10. coat the sides of the cake with a thin coating of the whipped cream. mound the rest of the whipped cream on top of the cake and shape it into a dome. it may take a little practice, but you should finish with a giant dome of whipped cream and no cake showing. put the cake in the fridge while you work on the marzipan.
11. cover a large flat surface with a dusting of confectioner’s sugar, take the plastic wrap off of the marzipan, and start to press it out with your hands into a large disc. as you feel it warm up, grab your rolling pin, dust it with confectioner’s sugar and begin rolling the marzipan into a 16″ circle (about 1/8 inch thick). keep dusting the marzipan with sugar to keep it from sticking.

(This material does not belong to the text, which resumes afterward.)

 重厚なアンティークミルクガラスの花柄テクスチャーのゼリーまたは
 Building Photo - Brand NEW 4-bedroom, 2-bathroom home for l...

12. roll the marzipan on the roller, which should have a healthy coating of sugar. lift the roller over the cake and unroll the marzipan over the dome. you can practice by unrolling it onto a large inverted bowl beforehand. once the entire cake is draped, you can gently smooth out any creases (the marzipan has a *tiny* amount of give, so be careful). just work your way around the cake, smoothing it out and cutting off any excess at the bottom with a very sharp knife or a pizza cutter.
13. take the extra marzipan and cut out some fun shapes to stick on the finished cake as decoration. sprinkle a light dusting of confectioner’s sugar for a finishing touch and serve the same day. store in the fridge but take out about a half hour before serving. it will keep in the fridge for 2 or 3 days.